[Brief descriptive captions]
===
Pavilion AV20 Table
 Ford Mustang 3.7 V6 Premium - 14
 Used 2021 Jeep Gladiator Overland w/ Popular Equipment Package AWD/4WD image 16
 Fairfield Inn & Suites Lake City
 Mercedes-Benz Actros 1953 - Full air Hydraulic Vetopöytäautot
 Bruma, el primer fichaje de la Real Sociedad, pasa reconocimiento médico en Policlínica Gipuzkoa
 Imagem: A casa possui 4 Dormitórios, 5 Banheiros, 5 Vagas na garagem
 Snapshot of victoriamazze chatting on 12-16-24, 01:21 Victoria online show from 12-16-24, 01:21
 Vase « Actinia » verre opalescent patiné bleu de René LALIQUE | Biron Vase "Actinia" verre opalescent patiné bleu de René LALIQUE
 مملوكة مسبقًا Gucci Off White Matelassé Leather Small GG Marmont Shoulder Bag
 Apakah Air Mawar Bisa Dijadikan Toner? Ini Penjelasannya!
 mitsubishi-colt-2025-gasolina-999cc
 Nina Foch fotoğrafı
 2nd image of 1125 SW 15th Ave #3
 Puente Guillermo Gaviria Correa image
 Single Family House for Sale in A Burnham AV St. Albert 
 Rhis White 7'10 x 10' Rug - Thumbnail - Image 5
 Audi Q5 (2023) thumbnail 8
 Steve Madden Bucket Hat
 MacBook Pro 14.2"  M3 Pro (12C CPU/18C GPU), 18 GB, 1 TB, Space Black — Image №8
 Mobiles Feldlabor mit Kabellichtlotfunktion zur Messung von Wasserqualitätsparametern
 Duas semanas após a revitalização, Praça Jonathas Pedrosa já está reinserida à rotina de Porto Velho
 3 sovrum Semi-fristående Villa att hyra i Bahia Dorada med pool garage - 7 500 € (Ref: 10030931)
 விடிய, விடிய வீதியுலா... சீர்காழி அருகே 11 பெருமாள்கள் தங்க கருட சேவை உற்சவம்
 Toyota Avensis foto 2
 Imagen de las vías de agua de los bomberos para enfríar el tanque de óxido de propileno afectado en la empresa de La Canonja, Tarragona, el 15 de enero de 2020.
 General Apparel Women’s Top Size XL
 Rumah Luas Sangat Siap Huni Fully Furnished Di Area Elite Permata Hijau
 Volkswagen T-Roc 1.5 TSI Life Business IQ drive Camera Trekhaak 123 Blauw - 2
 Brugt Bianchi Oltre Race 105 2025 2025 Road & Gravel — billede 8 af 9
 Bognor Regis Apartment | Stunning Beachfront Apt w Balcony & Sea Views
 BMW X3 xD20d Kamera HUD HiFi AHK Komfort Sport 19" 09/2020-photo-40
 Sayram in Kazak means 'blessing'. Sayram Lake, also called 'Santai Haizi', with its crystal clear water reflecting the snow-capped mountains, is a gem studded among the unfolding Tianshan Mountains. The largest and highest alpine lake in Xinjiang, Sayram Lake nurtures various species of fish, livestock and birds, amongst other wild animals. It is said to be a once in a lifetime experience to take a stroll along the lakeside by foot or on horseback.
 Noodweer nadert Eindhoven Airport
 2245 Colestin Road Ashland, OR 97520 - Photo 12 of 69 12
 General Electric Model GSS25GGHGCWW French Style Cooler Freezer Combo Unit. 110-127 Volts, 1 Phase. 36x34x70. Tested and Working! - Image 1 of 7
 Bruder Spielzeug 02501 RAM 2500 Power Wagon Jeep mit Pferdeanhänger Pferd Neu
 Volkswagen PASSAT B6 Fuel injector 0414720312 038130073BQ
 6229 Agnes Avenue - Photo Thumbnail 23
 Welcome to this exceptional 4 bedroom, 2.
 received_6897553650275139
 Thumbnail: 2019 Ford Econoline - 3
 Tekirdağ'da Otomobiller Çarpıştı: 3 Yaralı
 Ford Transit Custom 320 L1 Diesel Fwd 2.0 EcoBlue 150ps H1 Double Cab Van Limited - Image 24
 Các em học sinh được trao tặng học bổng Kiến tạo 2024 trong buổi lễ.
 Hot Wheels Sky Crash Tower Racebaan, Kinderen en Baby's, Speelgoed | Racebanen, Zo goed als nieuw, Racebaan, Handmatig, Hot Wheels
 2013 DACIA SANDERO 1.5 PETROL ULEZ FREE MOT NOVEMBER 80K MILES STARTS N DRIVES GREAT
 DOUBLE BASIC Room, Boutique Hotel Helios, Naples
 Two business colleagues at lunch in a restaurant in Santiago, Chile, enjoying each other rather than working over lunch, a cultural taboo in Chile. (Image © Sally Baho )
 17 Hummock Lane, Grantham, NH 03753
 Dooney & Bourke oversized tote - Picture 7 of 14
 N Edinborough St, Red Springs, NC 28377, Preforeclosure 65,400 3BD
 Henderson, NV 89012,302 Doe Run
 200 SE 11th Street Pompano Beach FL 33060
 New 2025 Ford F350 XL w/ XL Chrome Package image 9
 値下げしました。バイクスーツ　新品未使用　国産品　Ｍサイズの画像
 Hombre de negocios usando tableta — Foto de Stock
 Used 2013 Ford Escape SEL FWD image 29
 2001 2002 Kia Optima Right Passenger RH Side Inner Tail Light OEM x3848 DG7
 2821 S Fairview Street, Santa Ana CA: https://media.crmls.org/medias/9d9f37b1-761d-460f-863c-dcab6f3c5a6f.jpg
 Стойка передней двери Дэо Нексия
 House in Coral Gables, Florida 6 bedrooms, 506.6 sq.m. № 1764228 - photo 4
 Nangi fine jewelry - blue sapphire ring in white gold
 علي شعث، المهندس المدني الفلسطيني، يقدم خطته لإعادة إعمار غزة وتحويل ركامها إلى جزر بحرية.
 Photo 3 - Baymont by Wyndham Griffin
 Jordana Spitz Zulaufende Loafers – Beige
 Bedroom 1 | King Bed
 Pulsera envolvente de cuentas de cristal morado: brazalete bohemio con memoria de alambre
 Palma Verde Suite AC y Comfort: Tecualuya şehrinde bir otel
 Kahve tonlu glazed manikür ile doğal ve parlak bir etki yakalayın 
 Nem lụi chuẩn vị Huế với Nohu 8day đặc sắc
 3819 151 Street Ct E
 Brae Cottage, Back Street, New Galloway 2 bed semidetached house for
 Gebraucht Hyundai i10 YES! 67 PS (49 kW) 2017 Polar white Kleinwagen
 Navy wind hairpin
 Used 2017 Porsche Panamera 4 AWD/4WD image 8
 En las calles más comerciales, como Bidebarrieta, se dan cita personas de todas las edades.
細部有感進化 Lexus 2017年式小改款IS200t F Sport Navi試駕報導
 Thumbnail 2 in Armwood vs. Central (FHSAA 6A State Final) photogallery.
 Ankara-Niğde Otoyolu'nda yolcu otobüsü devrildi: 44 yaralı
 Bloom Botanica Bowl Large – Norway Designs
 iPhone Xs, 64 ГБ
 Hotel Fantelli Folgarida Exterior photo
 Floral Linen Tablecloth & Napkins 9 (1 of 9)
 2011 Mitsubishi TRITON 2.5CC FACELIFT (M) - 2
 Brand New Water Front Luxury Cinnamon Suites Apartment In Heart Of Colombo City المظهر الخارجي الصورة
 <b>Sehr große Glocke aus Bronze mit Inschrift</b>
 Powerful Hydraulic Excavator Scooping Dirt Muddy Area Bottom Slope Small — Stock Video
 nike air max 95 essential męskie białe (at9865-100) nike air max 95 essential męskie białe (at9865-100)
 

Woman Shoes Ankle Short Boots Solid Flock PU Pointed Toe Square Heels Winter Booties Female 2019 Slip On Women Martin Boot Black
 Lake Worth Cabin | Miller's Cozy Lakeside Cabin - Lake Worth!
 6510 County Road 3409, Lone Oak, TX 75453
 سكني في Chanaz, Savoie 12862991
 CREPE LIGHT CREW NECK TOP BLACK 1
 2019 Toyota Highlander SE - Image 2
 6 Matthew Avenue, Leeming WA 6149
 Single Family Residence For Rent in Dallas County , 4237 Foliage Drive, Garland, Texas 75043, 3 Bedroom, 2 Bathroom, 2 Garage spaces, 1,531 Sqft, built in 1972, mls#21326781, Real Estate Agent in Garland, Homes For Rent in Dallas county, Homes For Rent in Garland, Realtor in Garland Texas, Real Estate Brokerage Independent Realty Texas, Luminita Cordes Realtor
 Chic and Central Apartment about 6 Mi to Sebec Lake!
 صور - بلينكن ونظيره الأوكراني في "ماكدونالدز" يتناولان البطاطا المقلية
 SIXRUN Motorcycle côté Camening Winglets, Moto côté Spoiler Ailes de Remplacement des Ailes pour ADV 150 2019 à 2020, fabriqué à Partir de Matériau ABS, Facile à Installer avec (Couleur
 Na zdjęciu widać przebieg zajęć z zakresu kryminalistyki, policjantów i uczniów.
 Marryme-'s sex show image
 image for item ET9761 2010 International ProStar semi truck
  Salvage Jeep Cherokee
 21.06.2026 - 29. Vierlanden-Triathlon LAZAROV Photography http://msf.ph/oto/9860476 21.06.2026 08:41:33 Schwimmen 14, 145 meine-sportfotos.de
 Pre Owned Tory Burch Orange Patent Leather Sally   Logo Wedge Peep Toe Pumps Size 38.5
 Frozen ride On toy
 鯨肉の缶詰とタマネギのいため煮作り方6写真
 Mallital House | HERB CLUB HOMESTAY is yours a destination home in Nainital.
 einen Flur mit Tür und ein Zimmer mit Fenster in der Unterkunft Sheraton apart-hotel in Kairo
===
* _Problem description_
The answer is the run of lines above from the line containing "Used 2013 Ford Escape SEL FWD image 29" through the line containing "Woman Shoes Ankle", copied exactly and alone.

* _Response area_
 Used 2013 Ford Escape SEL FWD image 29
 2001 2002 Kia Optima Right Passenger RH Side Inner Tail Light OEM x3848 DG7
 2821 S Fairview Street, Santa Ana CA: https://media.crmls.org/medias/9d9f37b1-761d-460f-863c-dcab6f3c5a6f.jpg
 Стойка передней двери Дэо Нексия
 House in Coral Gables, Florida 6 bedrooms, 506.6 sq.m. № 1764228 - photo 4
 Nangi fine jewelry - blue sapphire ring in white gold
 علي شعث، المهندس المدني الفلسطيني، يقدم خطته لإعادة إعمار غزة وتحويل ركامها إلى جزر بحرية.
 Photo 3 - Baymont by Wyndham Griffin
 Jordana Spitz Zulaufende Loafers – Beige
 Bedroom 1 | King Bed
 Pulsera envolvente de cuentas de cristal morado: brazalete bohemio con memoria de alambre
 Palma Verde Suite AC y Comfort: Tecualuya şehrinde bir otel
 Kahve tonlu glazed manikür ile doğal ve parlak bir etki yakalayın 
 Nem lụi chuẩn vị Huế với Nohu 8day đặc sắc
 3819 151 Street Ct E
 Brae Cottage, Back Street, New Galloway 2 bed semidetached house for
 Gebraucht Hyundai i10 YES! 67 PS (49 kW) 2017 Polar white Kleinwagen
 Navy wind hairpin
 Used 2017 Porsche Panamera 4 AWD/4WD image 8
 En las calles más comerciales, como Bidebarrieta, se dan cita personas de todas las edades.
細部有感進化 Lexus 2017年式小改款IS200t F Sport Navi試駕報導
 Thumbnail 2 in Armwood vs. Central (FHSAA 6A State Final) photogallery.
 Ankara-Niğde Otoyolu'nda yolcu otobüsü devrildi: 44 yaralı
 Bloom Botanica Bowl Large – Norway Designs
 iPhone Xs, 64 ГБ
 Hotel Fantelli Folgarida Exterior photo
 Floral Linen Tablecloth & Napkins 9 (1 of 9)
 2011 Mitsubishi TRITON 2.5CC FACELIFT (M) - 2
 Brand New Water Front Luxury Cinnamon Suites Apartment In Heart Of Colombo City المظهر الخارجي الصورة
 <b>Sehr große Glocke aus Bronze mit Inschrift</b>
 Powerful Hydraulic Excavator Scooping Dirt Muddy Area Bottom Slope Small — Stock Video
 nike air max 95 essential męskie białe (at9865-100) nike air max 95 essential męskie białe (at9865-100)
 

Woman Shoes Ankle Short Boots Solid Flock PU Pointed Toe Square Heels Winter Booties Female 2019 Slip On Women Martin Boot Black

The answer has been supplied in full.